Eventually I may have something more substantial to say about Lady in the Water. But in the meantime, a bizarro connection occurs to me. And warning, there be a semi-spoiler ahead. (But I’m revealing something from the middle of the film, not the end.)
You know how M. Night Shyamalan has been called a Rod Serling wanna-be? Especially ever since The Village (2004) came out, and a number of people took it to be a rip-off of the Twilight Zone episode ‘A Hundred Yards over the Rim‘ (1961)?
In Lady in the Water, Shyamalan himself plays a man who, we are told, is destined to write a book that will inspire a future “great leader” — and the practically messianic significance of this prompted me to tell my wife that Shyamalan had basically cast himself as the muse to the Antichrist. I’m joking, of course, but the “great leader” prophesied in this film does sound rather similar to the archvillain that one finds in end-times novels; he also reminds me of the righteous dictator who takes over the American government, and then the world, in William Randolph Hearst’s propaganda flick Gabriel over the White House (1933).

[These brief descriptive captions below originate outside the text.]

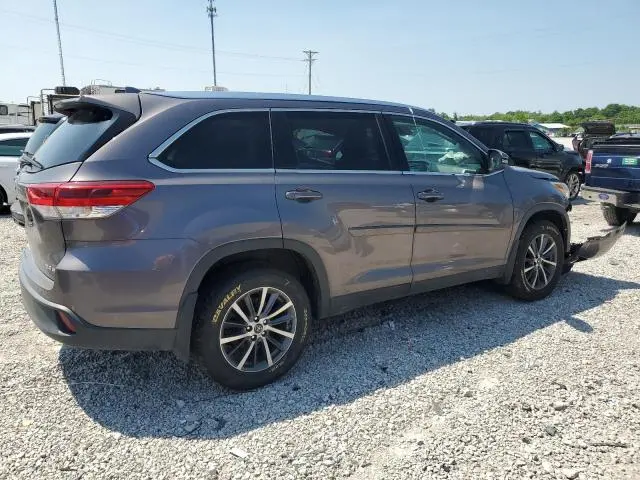 2019 TOYOTA HIGHLANDER SE  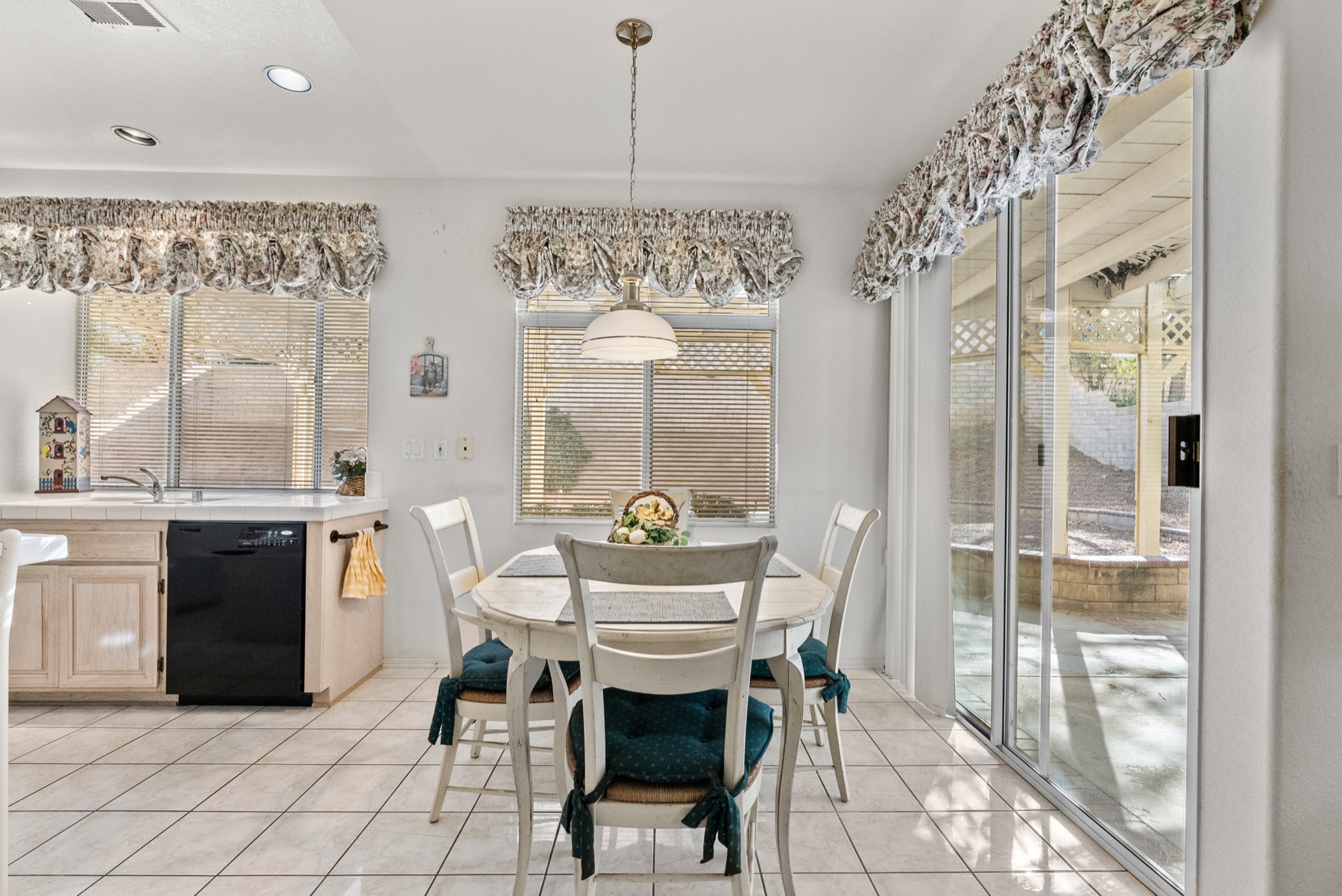 3310 Genoa Pl, Palmdale, photo 18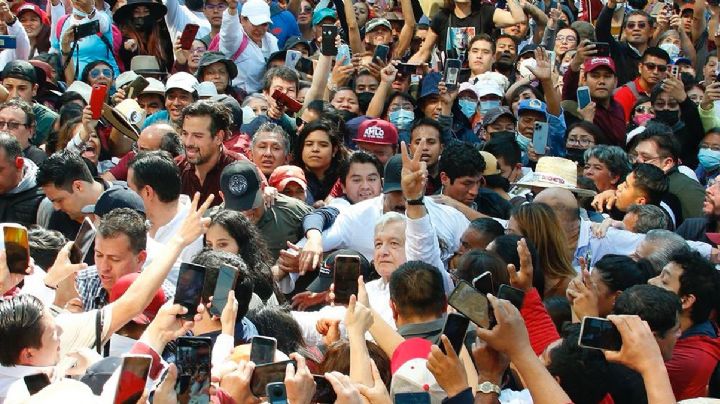 Marcha AMLO con cientos de miles para celebrar cuatro años de gobierno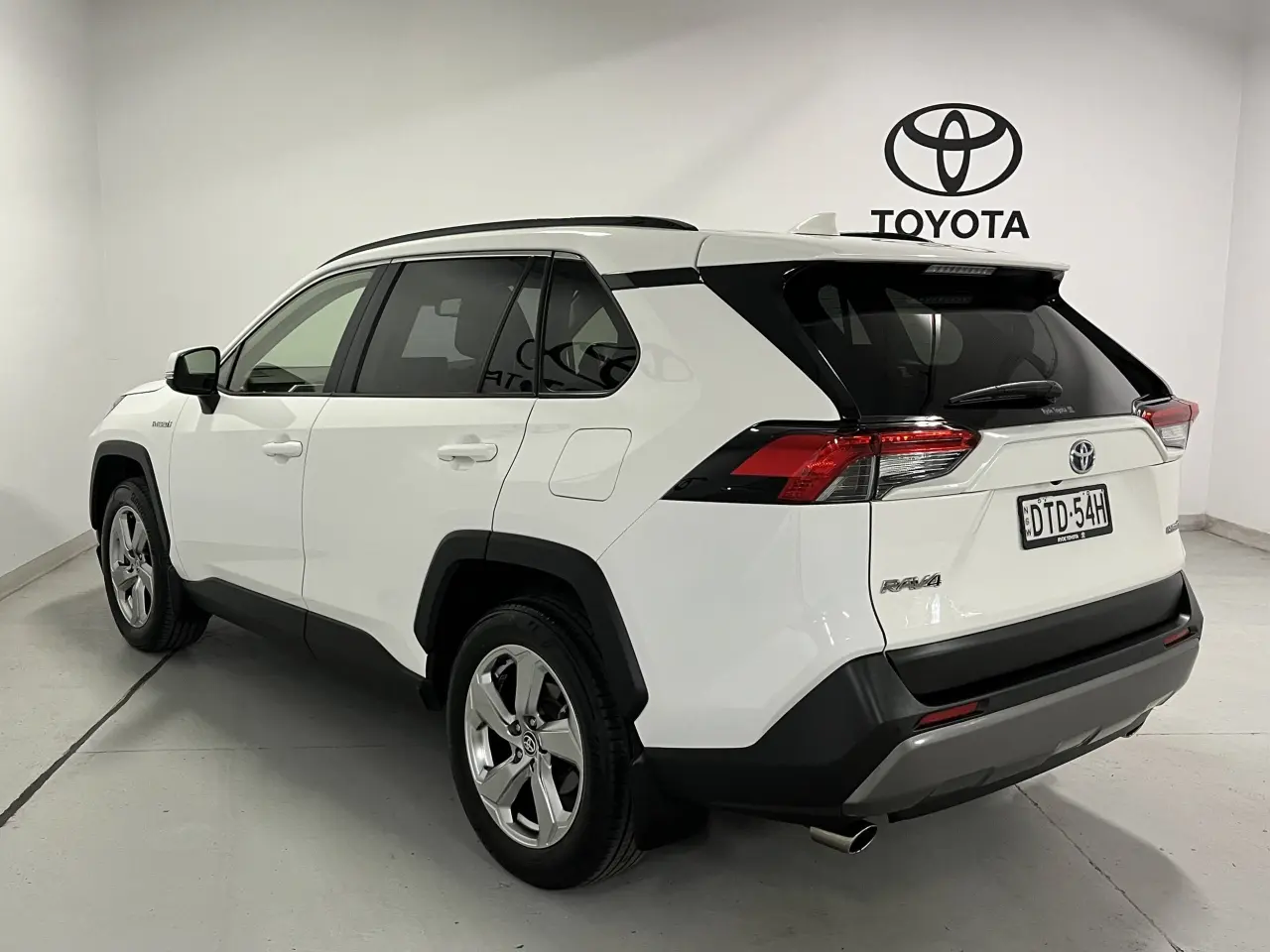 2020 TOYOTA RAV4 HYBRID Image 7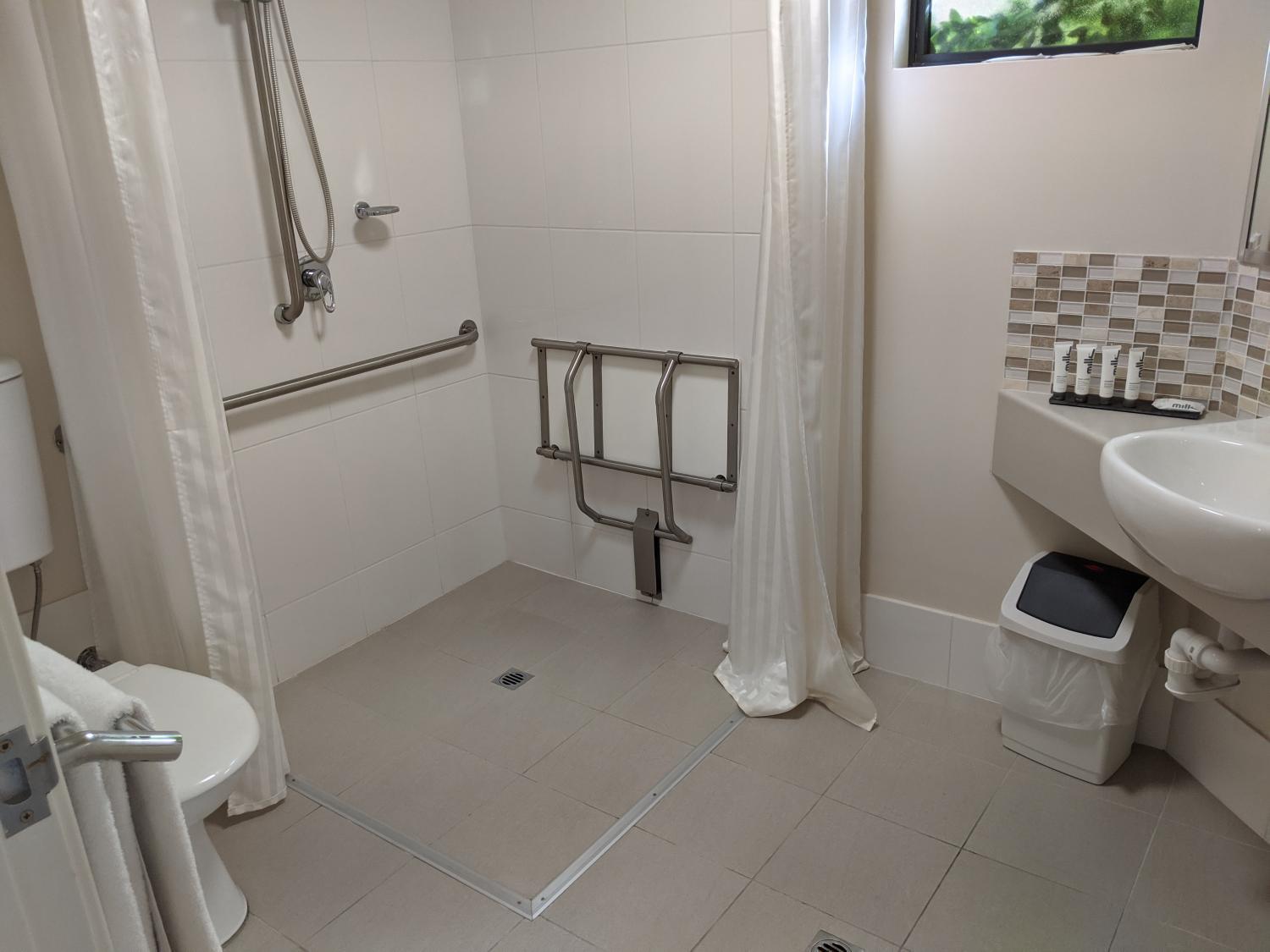 Bathroom 4, Quest Bunbury, Bunbury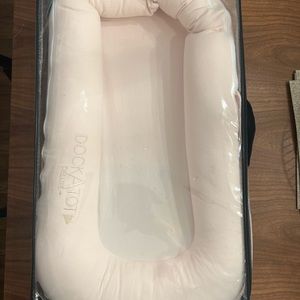 Dock a Tot Deluxe - Strawberry Cream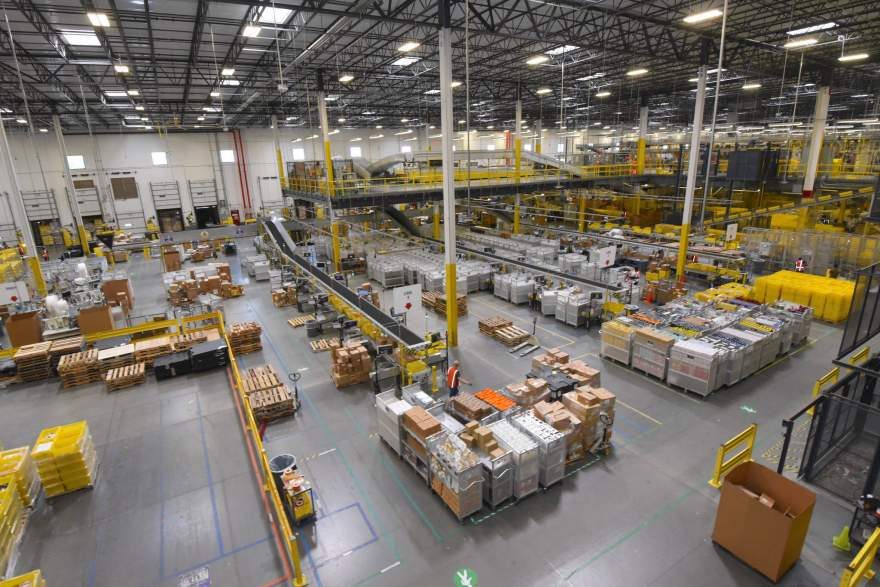 Amazon's Worker Tracking System Can Automatically Fire Employees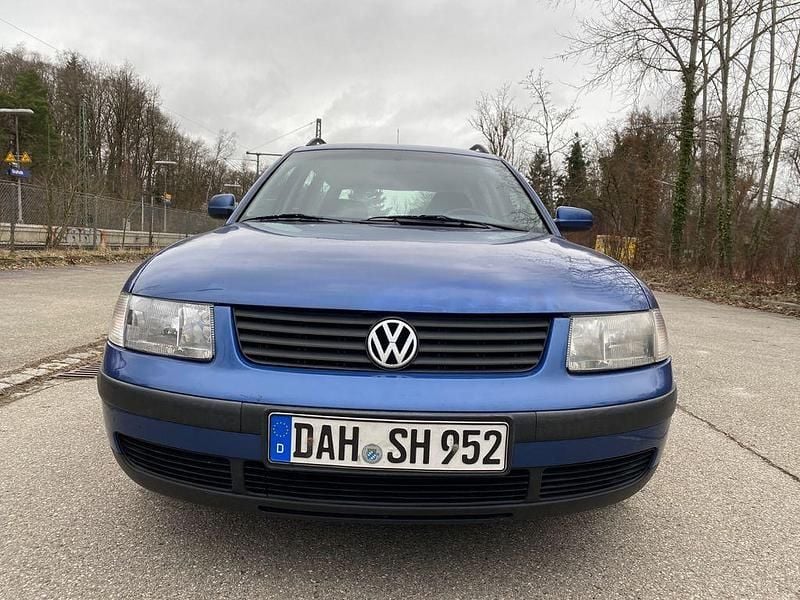 Gebraucht VW Passat Trendline 110 PS (80 kW) 1998 Blau Kombi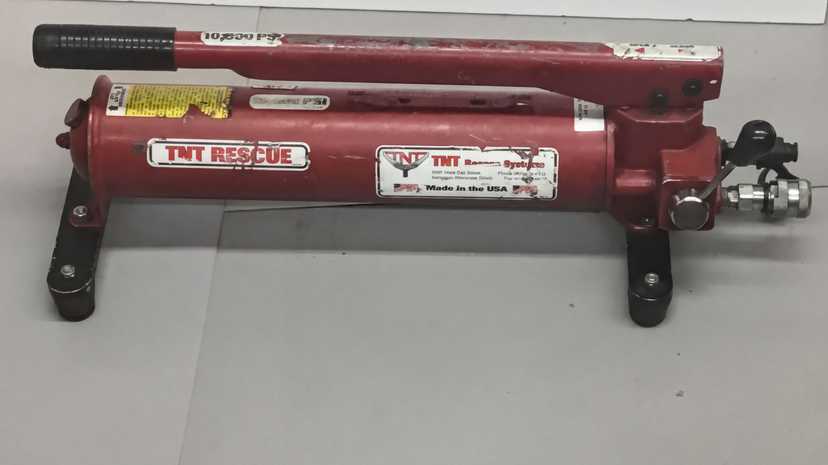 TNT Rescue P157D Model C 10,000 PSI Two-Stage Hydraulic Hand Pump (M10) — photo 2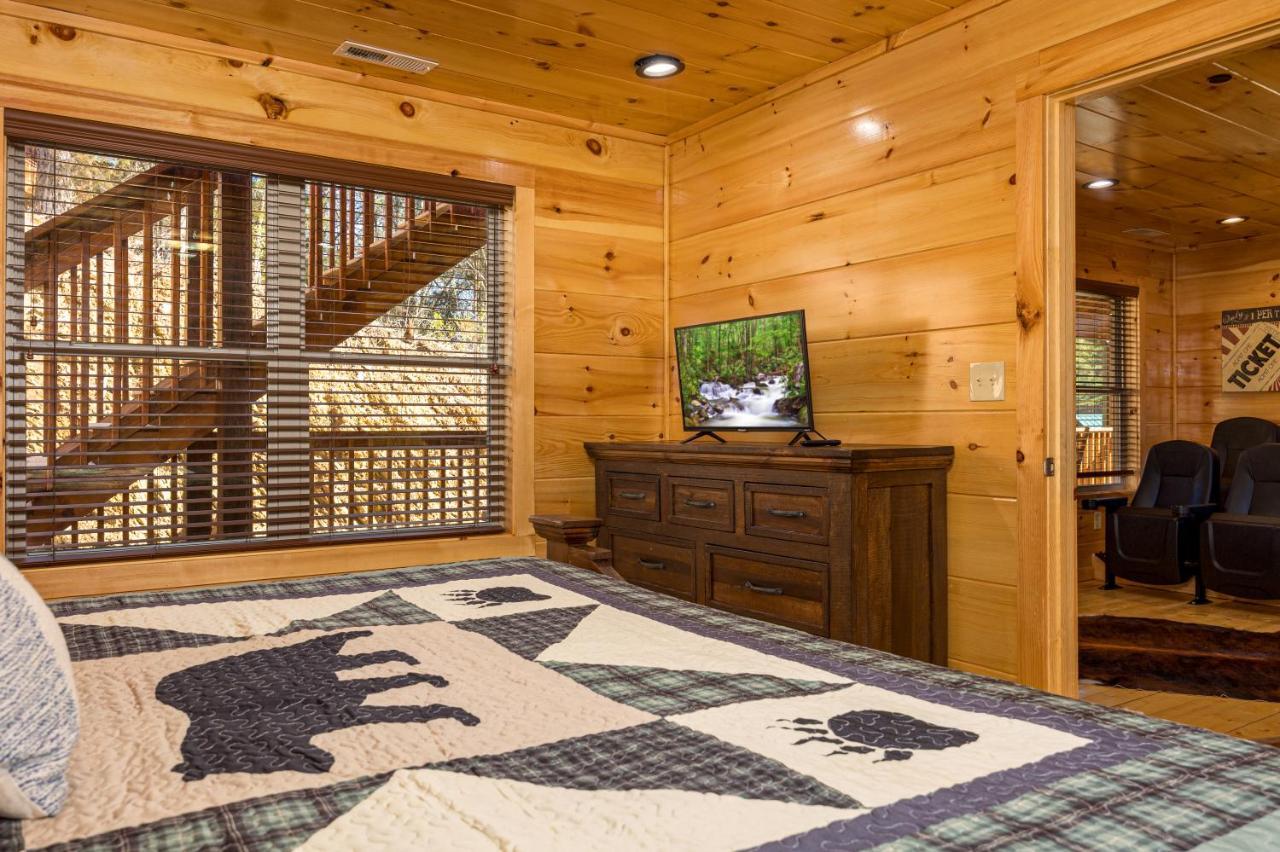 5Bd5B Escape Cabin With 2 Hottubs, Thtr &Game Rm,1Mi To The Parkway! 4Mi To Dollywood - Spring Deal Pigeon Forge Exteriér fotografie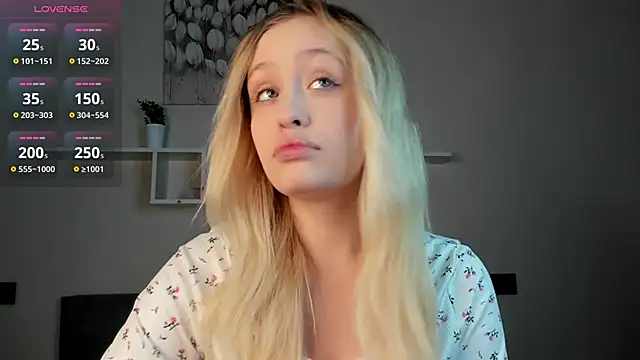 Snapshot of Julliakoill chatting on November 14, 12:31 pm Julliakoill online show from November 14, 12:31 pm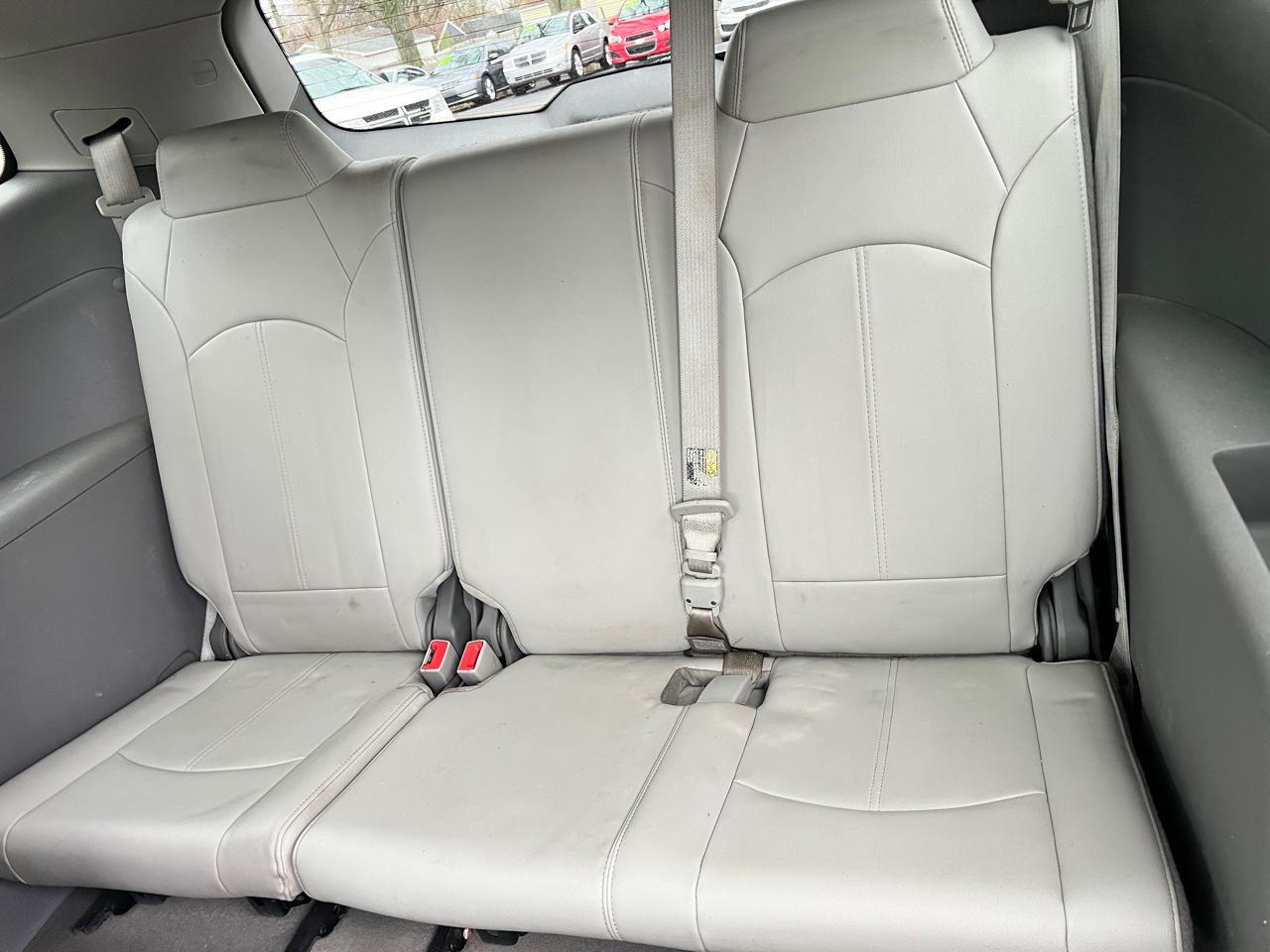 Chevrolet Traverse AWD 4dr LT w/2LT 2016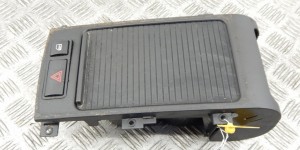 Подстаканник BMW X5-series (E53) 51 16 8 402 941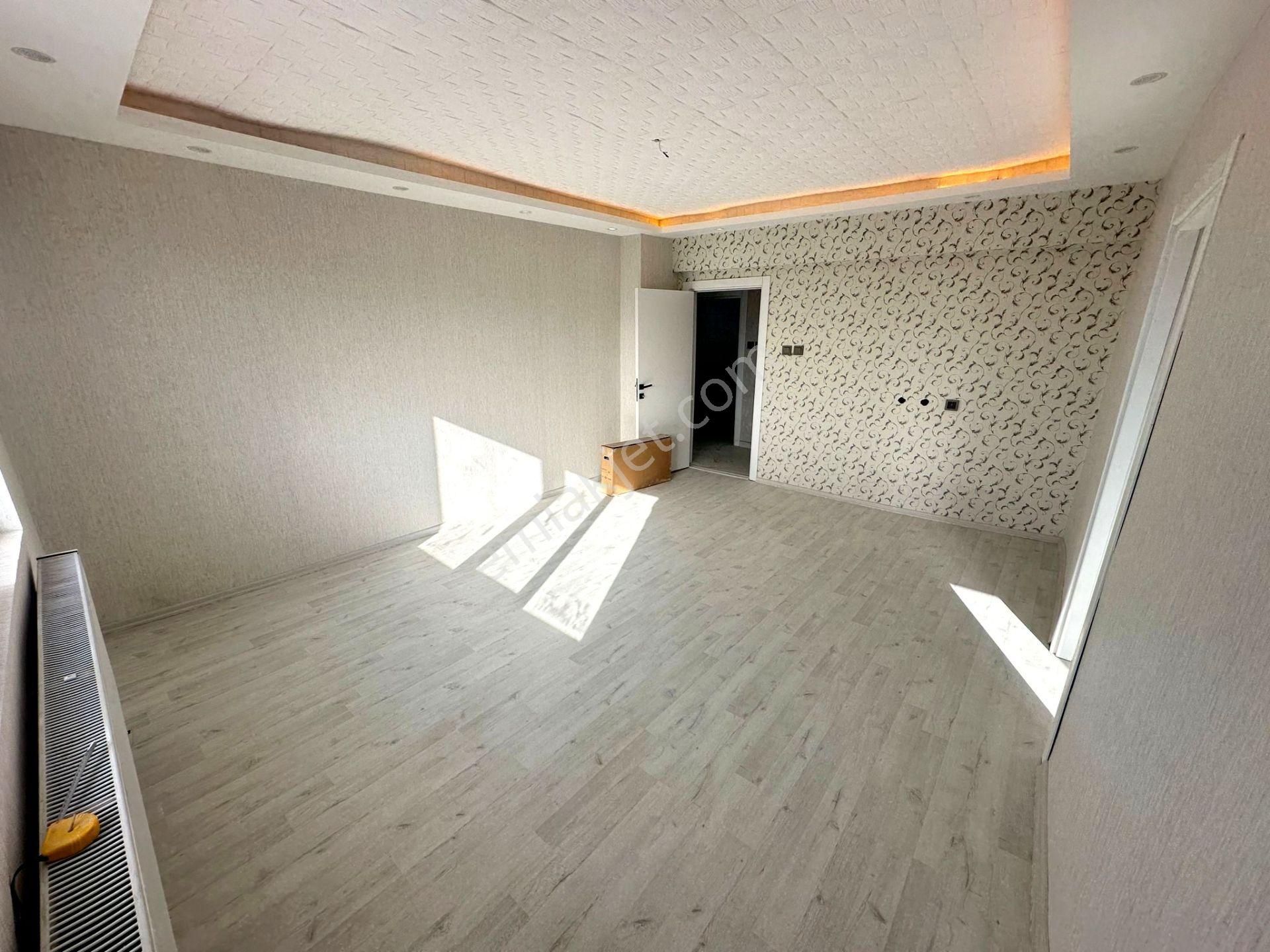 Emre Emlaktan Plevnede Merkezi Konumda Full Yapılı **boş** Satılık 3+1 Daire - Görsel 11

Anyway. That tangent aside, the book that Night’s character is writing — the book that will inspire this future presidential saviour, the book that was in turn inspired by the Narfs and their allies in the Blue World, etc. — is called The Cookbook. And it dawned on me today that this may be some weird sort of homage to another Twilight Zone episode, ‘To Serve Man‘ (1962). Wikipedia’s synopsis:
A race of aliens known as the Kanamits land on Earth and promise to be nothing but helpful to the cause of humanity, as dictated in a seemingly innocuous book called “To Serve Man.” They eradicate hunger, eliminate war, and eliminate the need for expensive power sources. Soon humans are volunteering for trips to the Kanamits’ home planet. All is not well, however, when a decoder discovers the Kanamits’ true intentions. Their book, “To Serve Man”, is a cookbook.
So … is Shyamalan hinting in some strange and twisted way that the Narfs are actually the bad guys, ready to destroy humanity with the aid of a book that was seemingly oh so helpful to us? It is tempting to think so, but naaaah, he isn’t that clever.